## Data for review
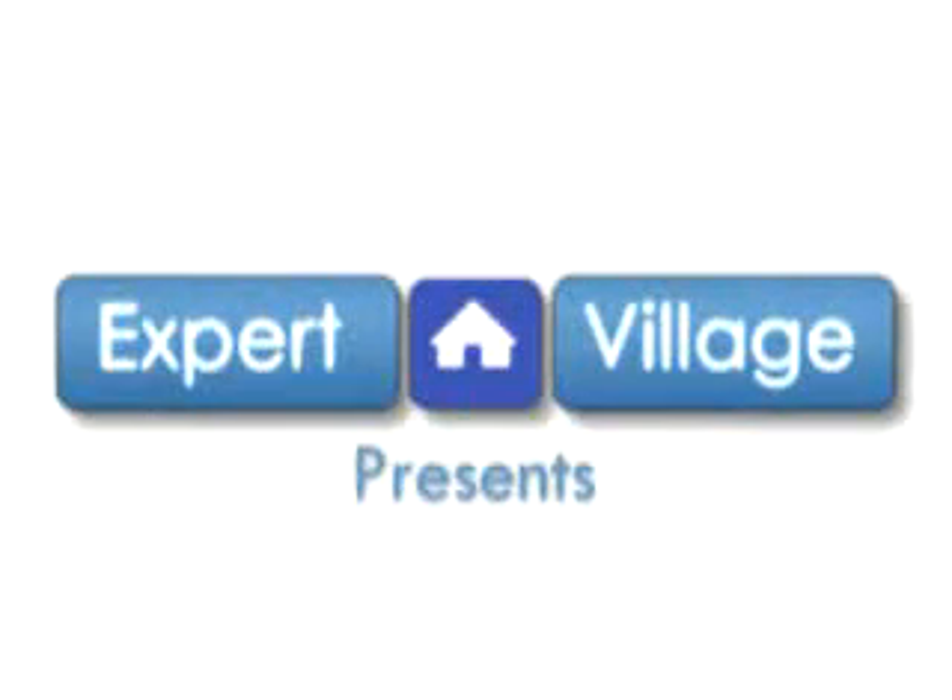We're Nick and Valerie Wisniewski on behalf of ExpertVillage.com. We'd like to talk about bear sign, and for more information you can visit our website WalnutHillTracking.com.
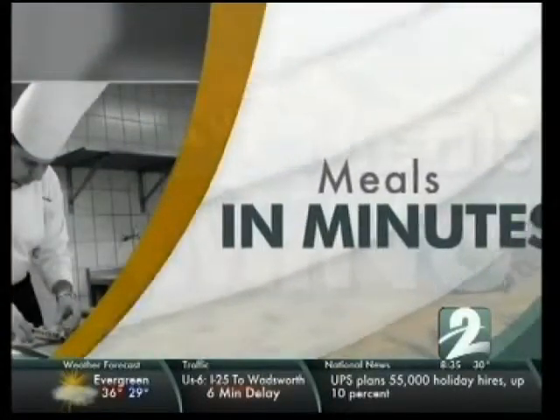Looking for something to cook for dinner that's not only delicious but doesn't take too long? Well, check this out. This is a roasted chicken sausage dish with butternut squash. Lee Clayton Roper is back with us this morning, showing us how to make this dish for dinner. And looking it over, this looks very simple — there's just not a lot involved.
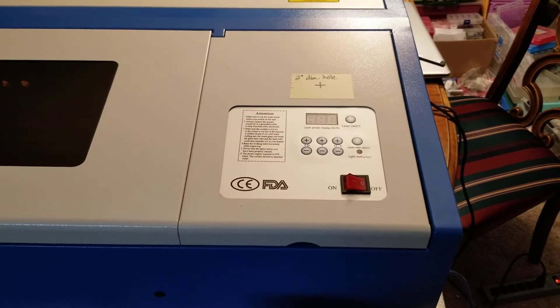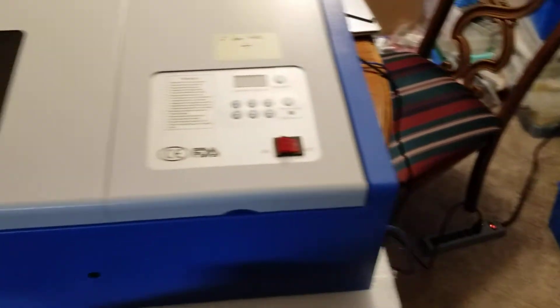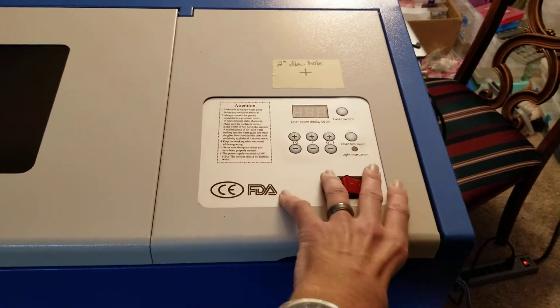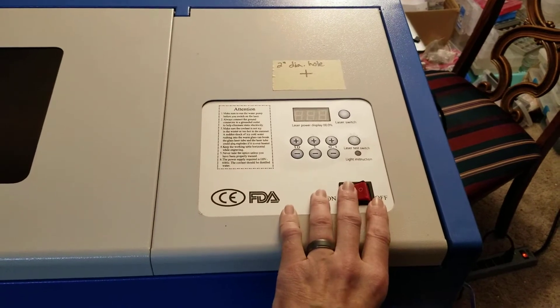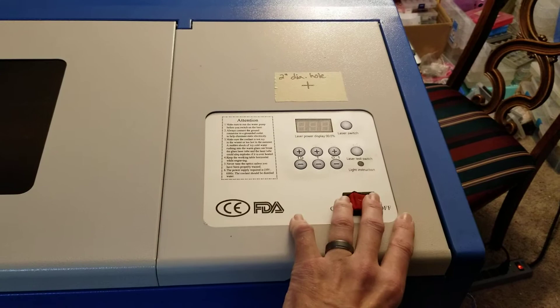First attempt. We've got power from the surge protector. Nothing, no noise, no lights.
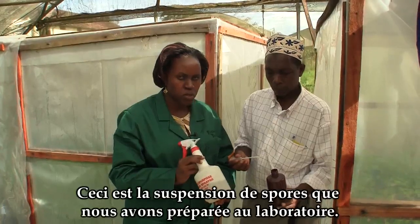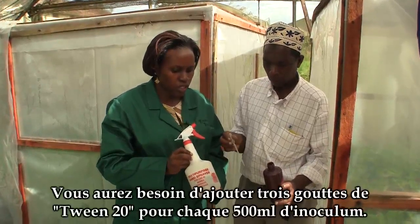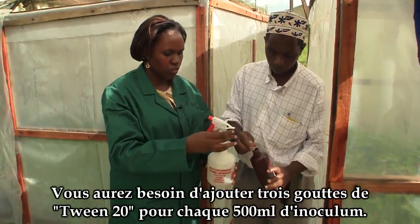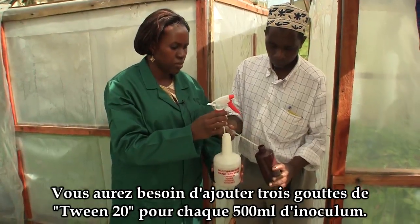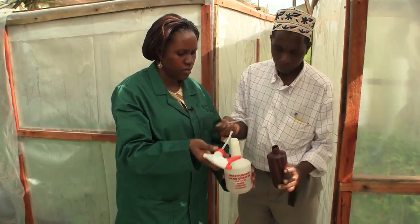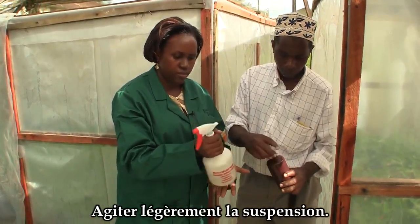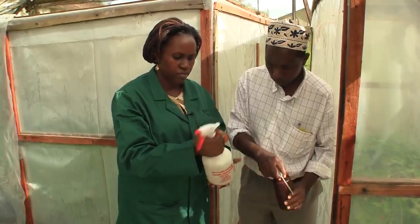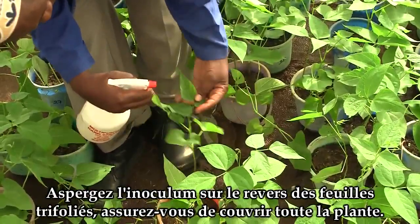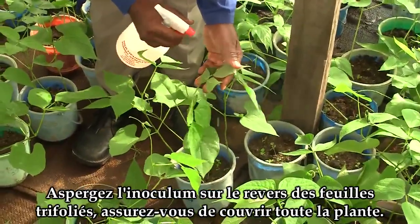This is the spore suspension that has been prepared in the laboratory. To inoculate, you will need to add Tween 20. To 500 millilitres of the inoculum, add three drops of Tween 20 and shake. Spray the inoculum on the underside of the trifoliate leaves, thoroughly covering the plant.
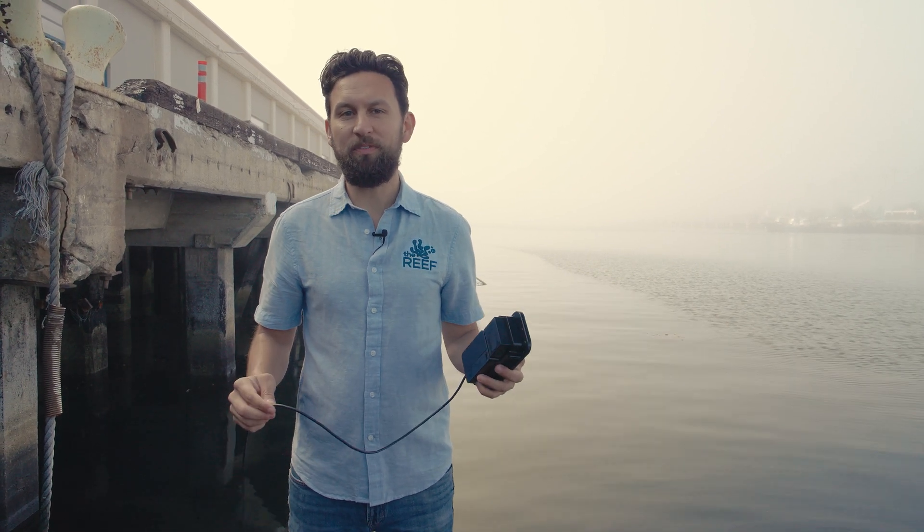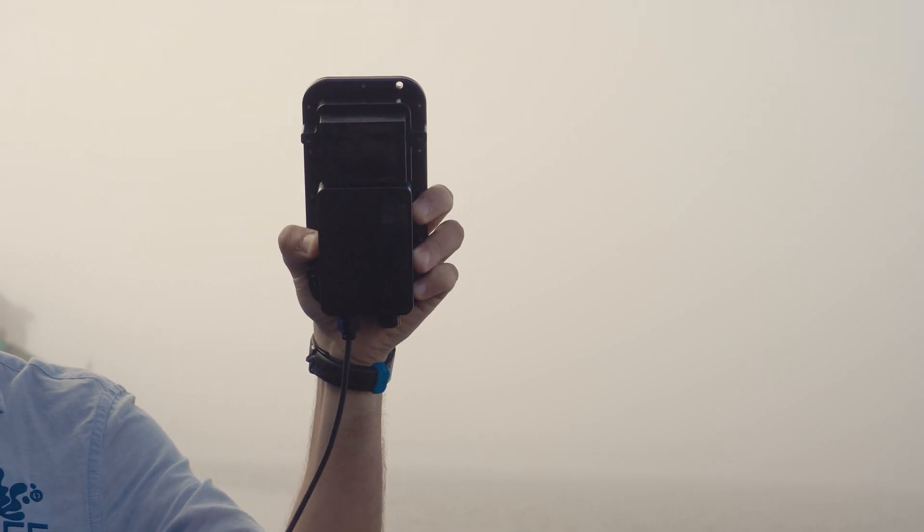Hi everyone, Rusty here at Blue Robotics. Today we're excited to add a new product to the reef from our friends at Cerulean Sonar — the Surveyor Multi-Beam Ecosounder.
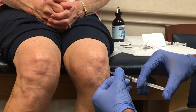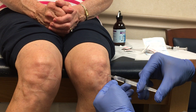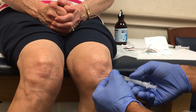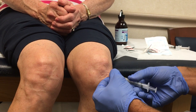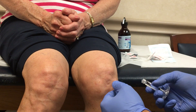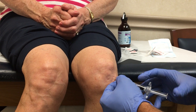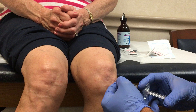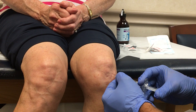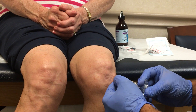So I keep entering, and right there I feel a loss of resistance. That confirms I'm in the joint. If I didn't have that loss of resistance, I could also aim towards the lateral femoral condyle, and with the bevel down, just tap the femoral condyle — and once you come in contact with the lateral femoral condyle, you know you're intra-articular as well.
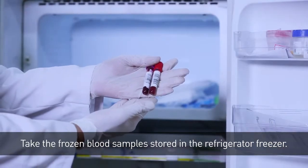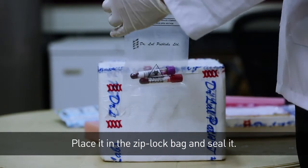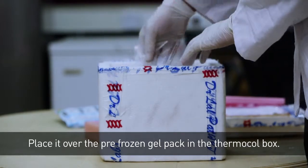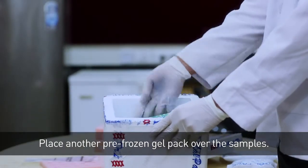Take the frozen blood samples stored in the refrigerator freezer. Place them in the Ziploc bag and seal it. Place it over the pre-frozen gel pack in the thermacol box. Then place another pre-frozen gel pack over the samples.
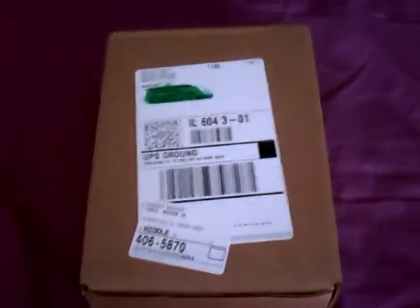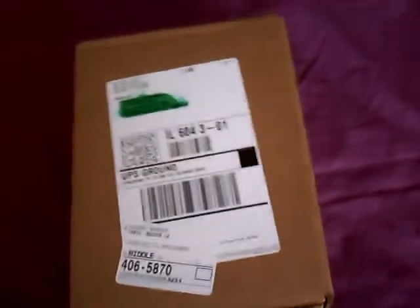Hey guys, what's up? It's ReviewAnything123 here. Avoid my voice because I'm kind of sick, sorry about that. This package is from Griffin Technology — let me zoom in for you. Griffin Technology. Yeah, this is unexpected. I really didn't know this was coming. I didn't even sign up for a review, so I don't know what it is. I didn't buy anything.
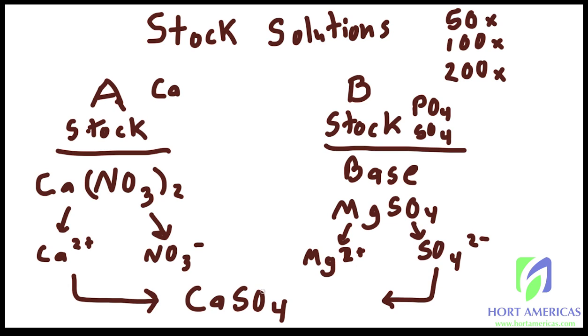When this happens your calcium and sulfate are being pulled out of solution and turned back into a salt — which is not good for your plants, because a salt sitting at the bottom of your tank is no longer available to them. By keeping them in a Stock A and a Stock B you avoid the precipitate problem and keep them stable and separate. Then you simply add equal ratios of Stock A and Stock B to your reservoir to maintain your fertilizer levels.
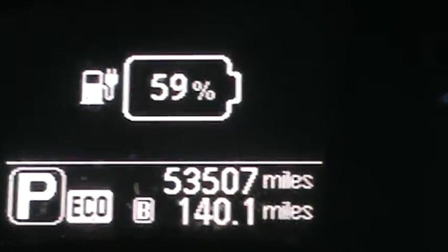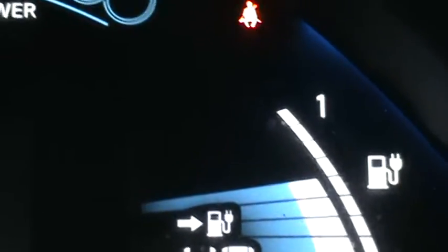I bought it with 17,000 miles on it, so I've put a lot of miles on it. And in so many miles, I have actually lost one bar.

## Required action
Only the lines above from the one containing "This is the" through the one containing "Hi everyone, Rusty" should be returned, verbatim and inclusive, with pictures excluded.

## Finished task
This is the spore suspension that has been prepared in the laboratory. To inoculate, you will need to add Tween 20. To 500 millilitres of the inoculum, add three drops of Tween 20 and shake. Spray the inoculum on the underside of the trifoliate leaves, thoroughly covering the plant.
Hi everyone, Rusty here at Blue Robotics. Today we're excited to add a new product to the reef from our friends at Cerulean Sonar — the Surveyor Multi-Beam Ecosounder.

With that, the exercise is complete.